2. Comecemos pelo título - «Um Manifesto da Direita em Portugal», que é equívoco ou, pelo menos, bastante ambíguo. Na verdade, se, por hipótese, «Um Manifesto da Direita Portuguesa» pecaria por excesso e não teria nunca, se apenas apresentado pelo dr. Manuel Monteiro, correspondência com a realidade, o título escolhido sugere que a direita se manifestou em Portugal, como o poderia ter feito noutra parte qualquer do mundo. Não se percebe, portanto, que direita é essa: se a direita portuguesa, se parte dela, se a que se reuniu no PND, ou se uma agremiação de militantes de uma qualquer força de direita internacionalista que ia a passar por cá (se calhar em férias) e resolveu fazer aqui o documento. Julgo que a intenção do seu conteúdo exigiria um título do género: «Para uma Direita Nova em Portugal», ou simplesmente «Para uma Direita Portuguesa», já que os autores do documento entendem que, em Portugal, «se repararmos bem, não há Direita: salta-se directamente, na actual organização do pensamento político, do centro-esquerda (ou de um centro-direita que, na prática, é um centro-esquerda) para a extrema-direita». Ideia que é, diga-se de passagem, um tanto ou quanto arrojada.
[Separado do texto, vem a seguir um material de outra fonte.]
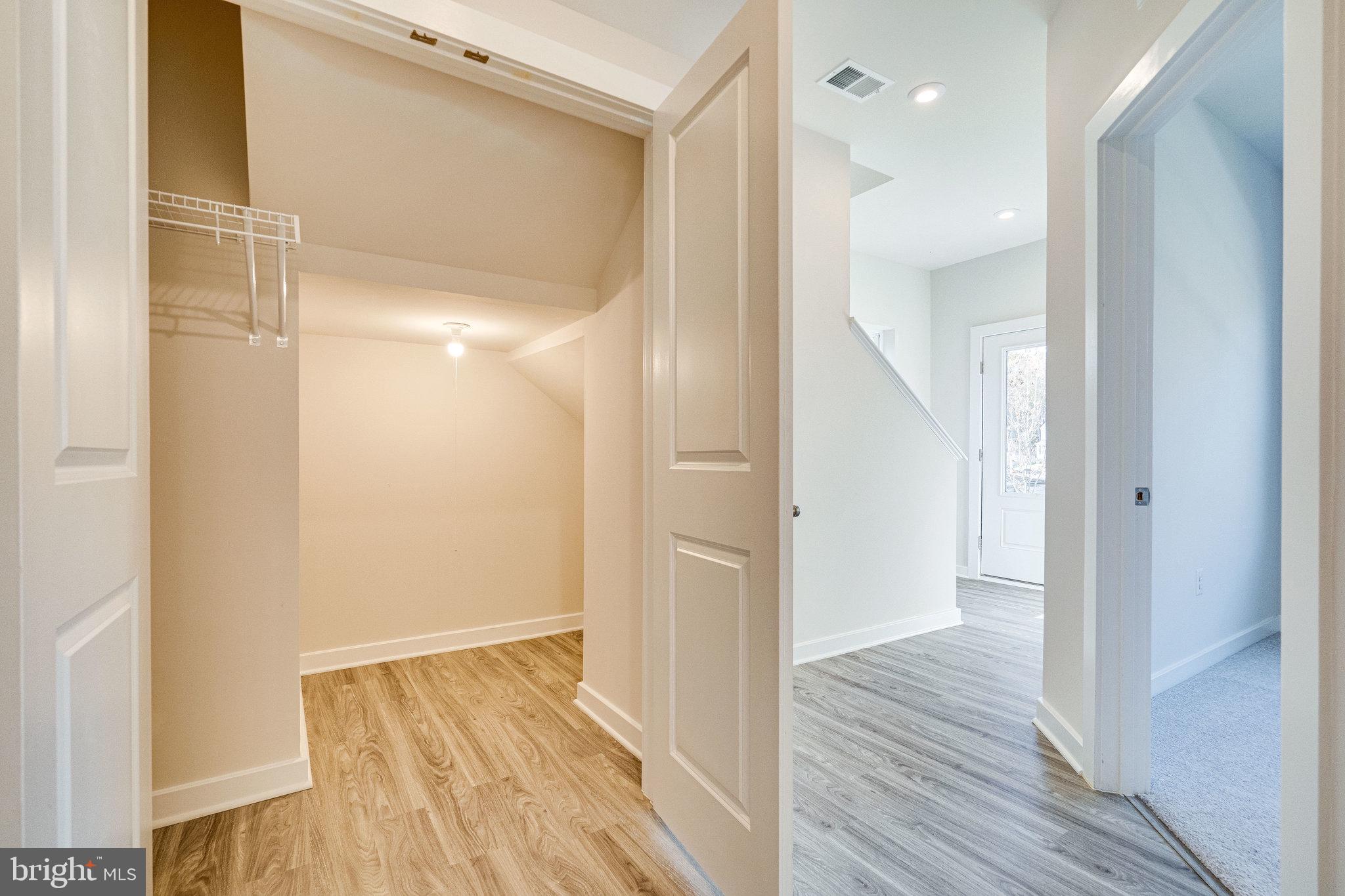 PORT POTOMAC - Residential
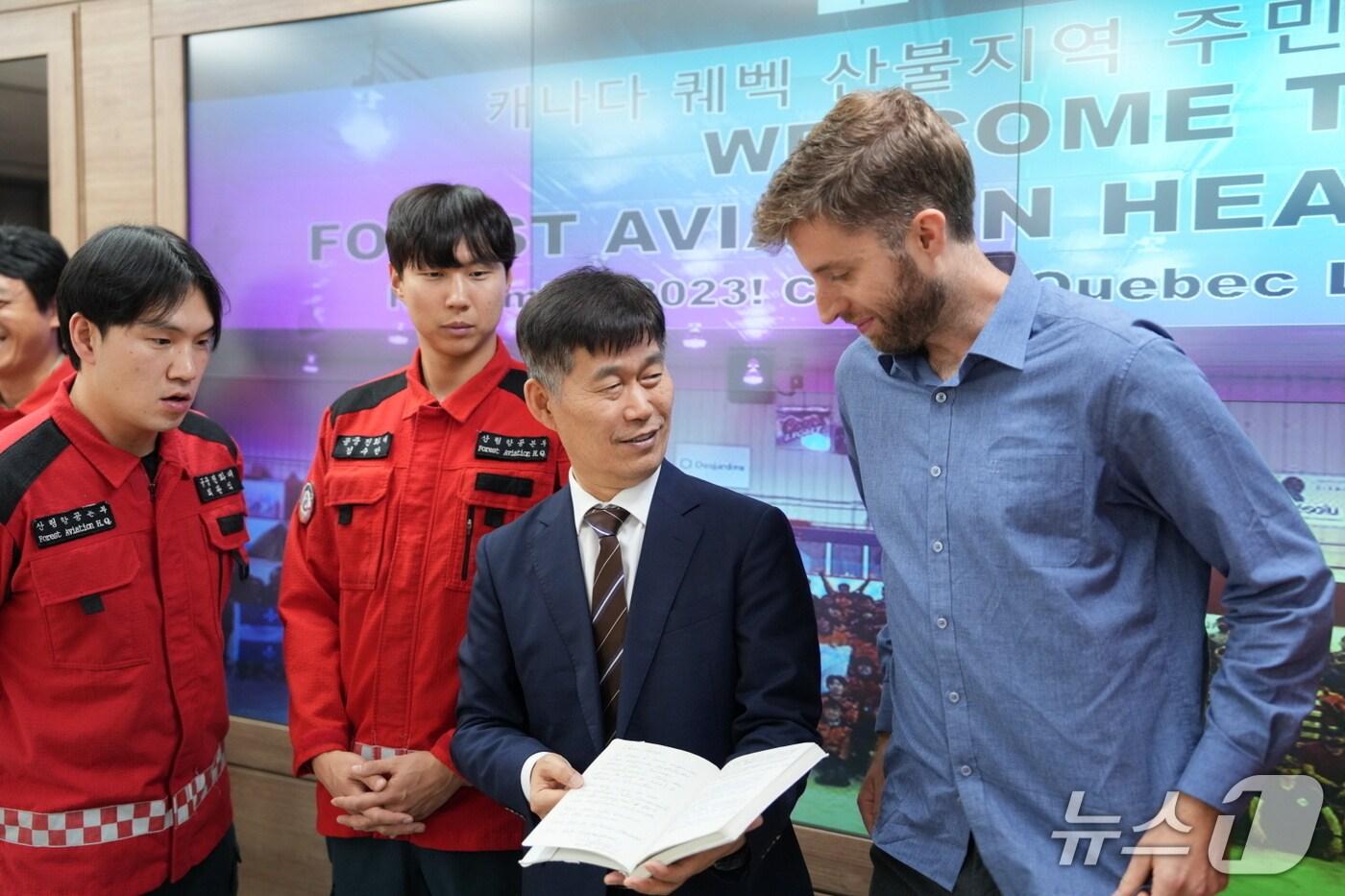 산림청 산림항공본부는 2년 전 캐나다 산불진화대를 파견해 활동한 것과 관련, 퀘벡 지역 주민들로부터 감사 편지를 받았다고 밝혔다.&#40;산림청 산림항공본부 제공.재판매 및 DB금지&#41;/뉴스1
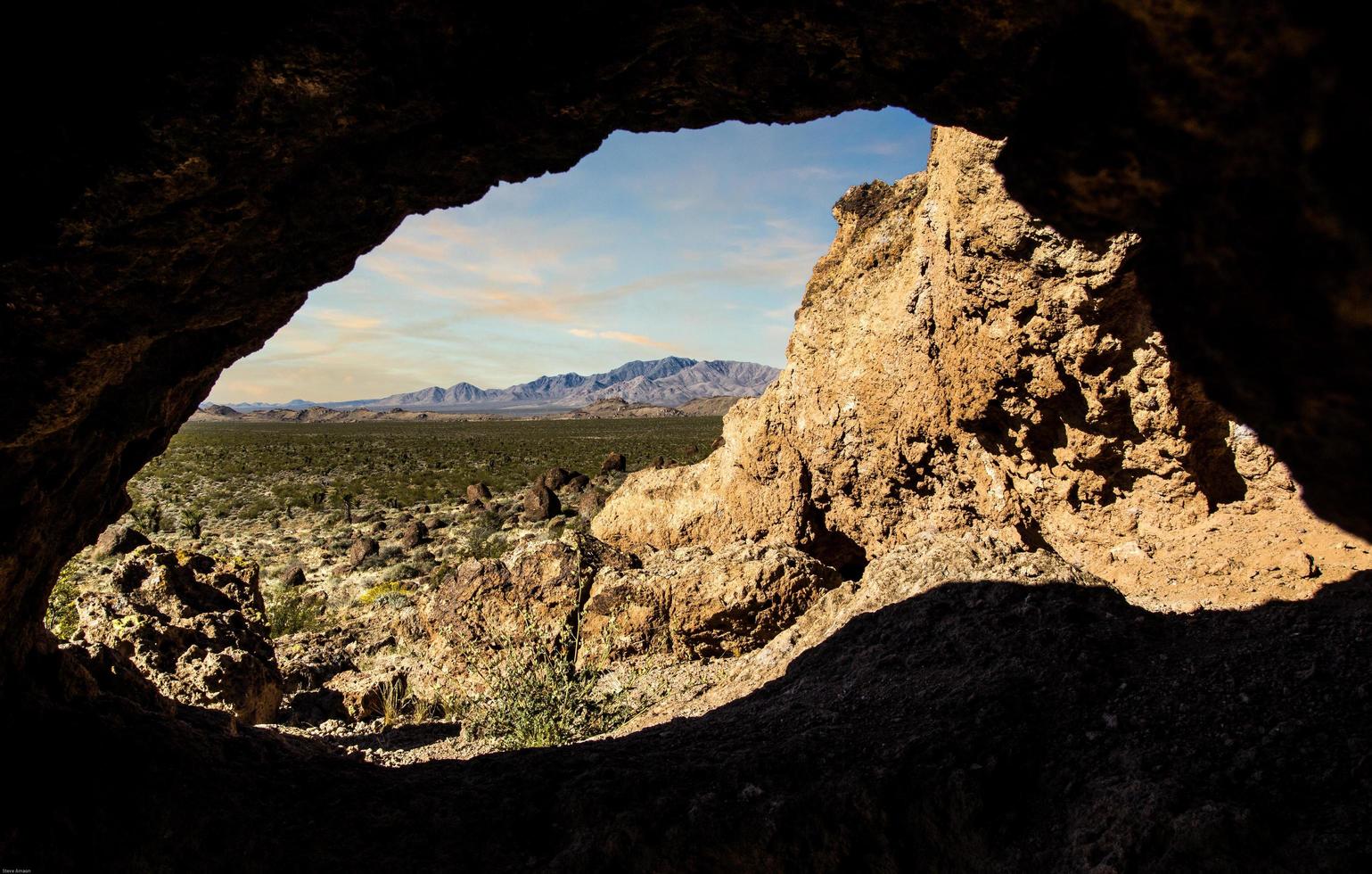 utsikt från grottan i försynsbergen, Mojave National Preserve foto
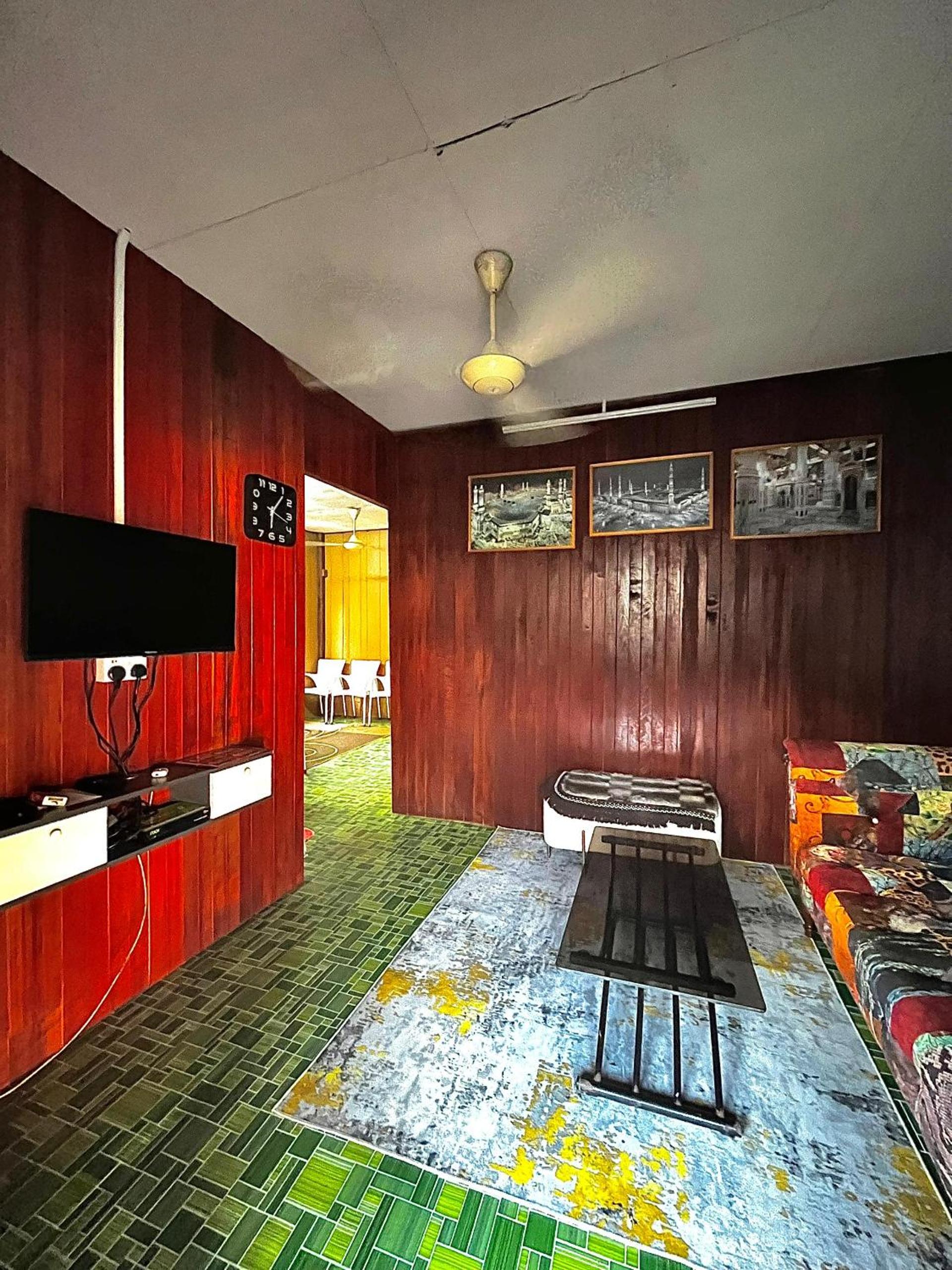 Homestay Rumah Kayu Kota Tinggi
3. Do ponto de vista formal, o «Manifesto» apresenta alguns descuidos, reveladores da provável pressa com que foi feito, mas que, atendendo à importância que os seus autores lhe atribuem, mereceria melhor cuidado. Assim, ao longo do texto repetem-se a pretensão de «refundar a direita», de criar uma «Direita moderna» em contraponto a uma «velha Direita», a exigência de «separar as águas, para que elas possam ser claras», etc.. Estamos, por ora, no plano das puras intenções, do dever ser, que revelam, contudo, um dos tiques mais preocupantes da direita não-liberal: o voluntarismo e o construtivismo político e social. Ele atravessa, de resto, todo o documento e é provavelmente a sua maior fragilidade. É que, na verdade, a direita portuguesa não é o que é por alguém a ter feito assim (ao invés do que afirmam os autores do documento, que imputam essa responsabilidade aos fundadores revolucionários da III República), mas por se ter feito assim, ou, na mais benevolente das possibilidades, se ter deixado fazer assim. Por outro lado, a realidade não se transforma por golpes de vontade, perpetrados por líderes enérgicos, mas pela evolução natural das coisas, dos actos das pessoas e dos seus comportamentos quotidianos, da reacção das instituições, etc. Ou seja: as coisas podem aparentemente mudar por decreto, mas não se transformam verdadeiramente nessa mudança. Na maior parte das vezes, pioram e agravam os seus males. Com a direita portuguesa, ou com outra direita qualquer, as coisas são o que são e não aquilo que nós imaginamos que elas possam vir a ser.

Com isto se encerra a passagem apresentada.